I still have to look at the methodology and results more carefully, but the word I heard was that the new methodology putting a greater emphasis on social mobility seems to be killing us.
Overall: 133 (Administration and BoT are likely freaking out over this number)
Undergraduate teaching: 11 (3rd among public)
Top Performers on Social Mobility: 415
More info here: https://www.usnews.com/best-colleges/miami-university-7104/overall-rankings
University announcement: Miami University ranked 3rd in country for excellence in undergraduate teaching among public universities | News at Miami University
Yikes… we’ve dropped like a rock in the last 15 years
Rankings should be based solely on education .
I understand the need for “social mobility” but this seems like a poor evaluator of a university.
Apparently people don’t like to accept that social mobility has more to do with an individual person…
It seems to me that although we keep dropping in the rankings, our graduates still get high paying jobs and are leaders in their fields and communities. When I read the Cincinnati Business Courier, for example, it seems like a lot of the top entrepreneurs, CEO’s, etc. are Miami alums. So the degree still means something, at least to employers.
“Social mobility” is just a way to measure outcomes, which I understand to be a big deal in the broader culture’s evaluation of higher education. It rings kind of hollow to knock people for majoring in creative writing (or whatever non-immediate-path-to-a-good-job degree) but simultaneously complain that rankings take into account things like “getting a post-graduate job that pays enough to make your life materially better than it was before.”
Shouldn’t the role of any public university be to foster socio-economic mobility? Miami has long turned its back on that role (51% out of state students, demographics that look like those of Middlebury), and now that’s come back to bite it in the ass. And that role is not incompatible with academic excellence. From looking at the list, it seems that many public universities that are far more selective than Miami increased their rankings under the new metrics. A high quality public university can do both.

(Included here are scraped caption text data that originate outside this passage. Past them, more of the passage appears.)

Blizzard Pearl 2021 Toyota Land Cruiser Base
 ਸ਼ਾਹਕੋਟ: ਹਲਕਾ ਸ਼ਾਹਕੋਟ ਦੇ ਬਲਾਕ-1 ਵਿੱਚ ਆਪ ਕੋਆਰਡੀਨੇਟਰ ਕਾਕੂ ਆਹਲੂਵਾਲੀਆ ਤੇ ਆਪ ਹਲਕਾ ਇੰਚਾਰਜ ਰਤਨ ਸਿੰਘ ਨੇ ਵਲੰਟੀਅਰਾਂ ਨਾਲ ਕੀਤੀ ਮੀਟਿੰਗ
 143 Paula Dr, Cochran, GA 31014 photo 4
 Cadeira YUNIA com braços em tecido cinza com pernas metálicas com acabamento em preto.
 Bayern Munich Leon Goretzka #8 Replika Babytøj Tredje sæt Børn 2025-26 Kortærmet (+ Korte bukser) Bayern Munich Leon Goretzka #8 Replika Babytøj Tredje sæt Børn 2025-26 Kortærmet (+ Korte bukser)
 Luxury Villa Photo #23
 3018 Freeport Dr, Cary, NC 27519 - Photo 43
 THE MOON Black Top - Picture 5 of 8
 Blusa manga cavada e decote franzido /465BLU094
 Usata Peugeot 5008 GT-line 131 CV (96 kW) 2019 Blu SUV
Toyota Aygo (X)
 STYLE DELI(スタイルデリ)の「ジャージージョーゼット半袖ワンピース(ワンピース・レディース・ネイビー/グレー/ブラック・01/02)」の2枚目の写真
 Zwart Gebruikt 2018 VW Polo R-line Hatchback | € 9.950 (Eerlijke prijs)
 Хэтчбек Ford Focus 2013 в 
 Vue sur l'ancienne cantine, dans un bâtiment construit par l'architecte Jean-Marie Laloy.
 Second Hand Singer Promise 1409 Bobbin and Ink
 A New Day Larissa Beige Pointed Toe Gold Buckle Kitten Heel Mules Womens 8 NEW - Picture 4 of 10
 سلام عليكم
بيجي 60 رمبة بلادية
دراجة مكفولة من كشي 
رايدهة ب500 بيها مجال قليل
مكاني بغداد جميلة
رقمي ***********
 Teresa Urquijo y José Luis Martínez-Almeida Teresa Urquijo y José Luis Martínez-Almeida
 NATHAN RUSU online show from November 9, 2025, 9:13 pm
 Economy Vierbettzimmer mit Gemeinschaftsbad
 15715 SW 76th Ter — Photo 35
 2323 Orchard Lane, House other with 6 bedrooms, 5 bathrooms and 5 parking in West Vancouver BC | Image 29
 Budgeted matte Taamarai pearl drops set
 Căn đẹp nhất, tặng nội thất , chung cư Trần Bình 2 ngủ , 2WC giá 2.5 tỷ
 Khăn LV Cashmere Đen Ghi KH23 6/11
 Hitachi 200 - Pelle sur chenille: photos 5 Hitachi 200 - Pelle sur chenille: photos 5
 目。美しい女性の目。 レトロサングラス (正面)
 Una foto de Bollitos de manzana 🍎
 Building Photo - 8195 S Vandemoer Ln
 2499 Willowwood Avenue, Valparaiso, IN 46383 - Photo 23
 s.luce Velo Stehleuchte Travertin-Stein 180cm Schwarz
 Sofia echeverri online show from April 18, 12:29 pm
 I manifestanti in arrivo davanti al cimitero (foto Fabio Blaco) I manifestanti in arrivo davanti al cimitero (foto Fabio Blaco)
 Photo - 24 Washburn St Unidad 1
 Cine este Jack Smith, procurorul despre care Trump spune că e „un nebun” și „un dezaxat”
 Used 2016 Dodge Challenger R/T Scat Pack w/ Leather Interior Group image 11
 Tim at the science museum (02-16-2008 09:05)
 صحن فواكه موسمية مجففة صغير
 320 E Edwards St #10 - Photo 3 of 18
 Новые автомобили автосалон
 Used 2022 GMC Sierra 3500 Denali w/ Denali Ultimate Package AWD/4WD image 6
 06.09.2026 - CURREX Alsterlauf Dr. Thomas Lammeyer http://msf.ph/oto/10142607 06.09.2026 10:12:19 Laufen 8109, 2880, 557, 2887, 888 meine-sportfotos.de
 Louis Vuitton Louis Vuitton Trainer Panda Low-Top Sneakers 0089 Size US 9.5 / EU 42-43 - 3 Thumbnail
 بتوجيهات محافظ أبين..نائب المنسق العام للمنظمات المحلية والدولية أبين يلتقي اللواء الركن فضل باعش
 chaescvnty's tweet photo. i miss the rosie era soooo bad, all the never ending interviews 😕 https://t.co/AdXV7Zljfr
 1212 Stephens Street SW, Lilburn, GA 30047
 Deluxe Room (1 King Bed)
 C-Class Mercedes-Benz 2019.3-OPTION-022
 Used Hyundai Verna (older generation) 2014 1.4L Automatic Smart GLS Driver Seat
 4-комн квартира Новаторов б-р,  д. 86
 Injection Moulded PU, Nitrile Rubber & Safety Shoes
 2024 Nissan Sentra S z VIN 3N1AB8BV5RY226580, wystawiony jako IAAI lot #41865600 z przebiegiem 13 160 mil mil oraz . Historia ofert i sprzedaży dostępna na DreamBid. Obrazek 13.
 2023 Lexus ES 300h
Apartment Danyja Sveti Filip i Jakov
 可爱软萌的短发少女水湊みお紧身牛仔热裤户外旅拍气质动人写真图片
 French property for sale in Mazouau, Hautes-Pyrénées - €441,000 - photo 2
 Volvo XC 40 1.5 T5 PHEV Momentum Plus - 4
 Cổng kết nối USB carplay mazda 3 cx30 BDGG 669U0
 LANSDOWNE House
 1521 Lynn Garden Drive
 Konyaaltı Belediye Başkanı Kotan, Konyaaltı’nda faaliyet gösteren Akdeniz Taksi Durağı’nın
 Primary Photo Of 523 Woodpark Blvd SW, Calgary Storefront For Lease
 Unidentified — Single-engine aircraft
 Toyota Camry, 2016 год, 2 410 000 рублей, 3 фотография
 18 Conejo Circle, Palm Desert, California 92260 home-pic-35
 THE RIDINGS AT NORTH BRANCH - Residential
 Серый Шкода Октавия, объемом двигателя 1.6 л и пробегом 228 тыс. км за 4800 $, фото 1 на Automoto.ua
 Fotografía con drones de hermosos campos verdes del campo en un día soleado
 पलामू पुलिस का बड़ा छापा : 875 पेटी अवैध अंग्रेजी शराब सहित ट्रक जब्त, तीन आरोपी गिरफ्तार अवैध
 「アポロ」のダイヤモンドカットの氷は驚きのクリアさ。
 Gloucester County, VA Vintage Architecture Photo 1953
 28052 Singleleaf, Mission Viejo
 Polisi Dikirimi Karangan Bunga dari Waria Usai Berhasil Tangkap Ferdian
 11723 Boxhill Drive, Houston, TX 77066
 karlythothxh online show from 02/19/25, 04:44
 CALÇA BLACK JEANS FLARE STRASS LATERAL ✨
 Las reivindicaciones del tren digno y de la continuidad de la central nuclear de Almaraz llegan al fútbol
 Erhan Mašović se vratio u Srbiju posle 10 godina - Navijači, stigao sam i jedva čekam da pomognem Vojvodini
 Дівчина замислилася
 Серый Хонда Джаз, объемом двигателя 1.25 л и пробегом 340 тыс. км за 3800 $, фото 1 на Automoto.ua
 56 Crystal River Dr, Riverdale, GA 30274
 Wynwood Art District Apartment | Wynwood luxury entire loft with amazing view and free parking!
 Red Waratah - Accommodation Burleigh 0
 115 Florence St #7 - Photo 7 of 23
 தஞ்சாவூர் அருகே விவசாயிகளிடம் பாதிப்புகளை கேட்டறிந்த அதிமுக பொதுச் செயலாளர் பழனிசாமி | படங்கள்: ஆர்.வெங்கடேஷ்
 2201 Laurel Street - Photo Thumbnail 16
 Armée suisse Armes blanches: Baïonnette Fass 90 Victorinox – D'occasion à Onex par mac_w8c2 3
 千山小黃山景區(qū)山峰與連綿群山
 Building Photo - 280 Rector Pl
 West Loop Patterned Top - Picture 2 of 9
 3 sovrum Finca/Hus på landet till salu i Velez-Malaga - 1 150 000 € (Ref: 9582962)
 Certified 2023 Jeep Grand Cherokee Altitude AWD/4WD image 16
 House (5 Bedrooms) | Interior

If anything, maybe this will be the catalyst for the powers that be at Miami to finally abandon the tired “J Crew U” and “Public Ivy” persona because if they don’t there’s a good chance that they’ll be having to explain why UC (#142) has passed them by next year.
When you read the list of universities now ranked ahead of Miami, it is laughable. Everything centers on social justice/equity these days for liberals, and unfortunately they own the academic landscape and drive the narrative that we all are expected to accept. So, 36 different University of California campuses (exaggerated number, but you get the point) rank ahead of Miami. Branch campuses of some major public universities also rank ahead. University of Cincinnati is ranked right on our heels.
Well Middlebury is the #11 ranked National Liberal Arts College. In fact, eight of the elite and wealthy NESCAC colleges rank in the top 25, including #1 and #2.
Disagree. Last I checked Miami accepts like 90% of applicants. I don’t feel we need to self-flagellate. There are ways to finance an education. And, far from everyone at Miami fits into one basic stereotype.
Which proves that private colleges as well as publics like Berkeley or Michigan, can do both. Miami has made a conscious decision not to and thought that constantly talking about a 40 year old “Public Ivy” book mattered. Honestly, I don’t know what the path forward is. People are mocking the fact that UC is right on our heels, yet the average ACT is 28 for Miami and 26 for UC, so why shouldn’t they be even if you don’t look at the social mobility factors.
Interesting article: U.S. News Revamped College Rankings, But Little Changed for Top Schools - The New York Times
The company discarded five factors that often favored wealthy colleges and together made up 18 percent of a school’s score, including undergraduate class sizes, alumni giving rates and high school class standing.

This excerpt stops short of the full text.